◆ Problem to work on ◆
Write out, word for word, only the lines from the one with "Rivard RIV 152" to the end of the data below.

◆ Data shown ◆
####################

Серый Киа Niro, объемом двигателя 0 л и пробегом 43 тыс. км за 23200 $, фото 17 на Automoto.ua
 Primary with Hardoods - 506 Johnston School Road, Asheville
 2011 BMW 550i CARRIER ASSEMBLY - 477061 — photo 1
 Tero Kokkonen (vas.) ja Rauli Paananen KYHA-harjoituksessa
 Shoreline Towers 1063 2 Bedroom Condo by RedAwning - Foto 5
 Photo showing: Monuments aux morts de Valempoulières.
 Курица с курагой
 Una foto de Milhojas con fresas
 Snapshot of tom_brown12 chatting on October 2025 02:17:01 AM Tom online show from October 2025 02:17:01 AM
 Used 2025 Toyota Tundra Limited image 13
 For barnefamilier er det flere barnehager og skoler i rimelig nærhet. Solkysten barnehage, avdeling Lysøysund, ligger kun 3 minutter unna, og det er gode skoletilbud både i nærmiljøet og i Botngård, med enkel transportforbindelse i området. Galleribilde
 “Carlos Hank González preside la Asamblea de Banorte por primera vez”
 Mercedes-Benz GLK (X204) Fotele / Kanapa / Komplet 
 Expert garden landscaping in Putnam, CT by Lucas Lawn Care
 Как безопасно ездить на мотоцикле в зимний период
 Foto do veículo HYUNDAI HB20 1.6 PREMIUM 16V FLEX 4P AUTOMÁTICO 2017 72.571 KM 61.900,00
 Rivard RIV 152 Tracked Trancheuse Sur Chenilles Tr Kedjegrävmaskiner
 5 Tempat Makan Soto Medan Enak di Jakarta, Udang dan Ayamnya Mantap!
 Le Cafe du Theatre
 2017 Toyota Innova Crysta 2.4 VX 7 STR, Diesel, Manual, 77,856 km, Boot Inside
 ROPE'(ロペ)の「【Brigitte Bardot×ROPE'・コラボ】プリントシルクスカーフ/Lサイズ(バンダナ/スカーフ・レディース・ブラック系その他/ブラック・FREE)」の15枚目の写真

####################

◆ Response to this task ◆
 Rivard RIV 152 Tracked Trancheuse Sur Chenilles Tr Kedjegrävmaskiner
 5 Tempat Makan Soto Medan Enak di Jakarta, Udang dan Ayamnya Mantap!
 Le Cafe du Theatre
 2017 Toyota Innova Crysta 2.4 VX 7 STR, Diesel, Manual, 77,856 km, Boot Inside
 ROPE'(ロペ)の「【Brigitte Bardot×ROPE'・コラボ】プリントシルクスカーフ/Lサイズ(バンダナ/スカーフ・レディース・ブラック系その他/ブラック・FREE)」の15枚目の写真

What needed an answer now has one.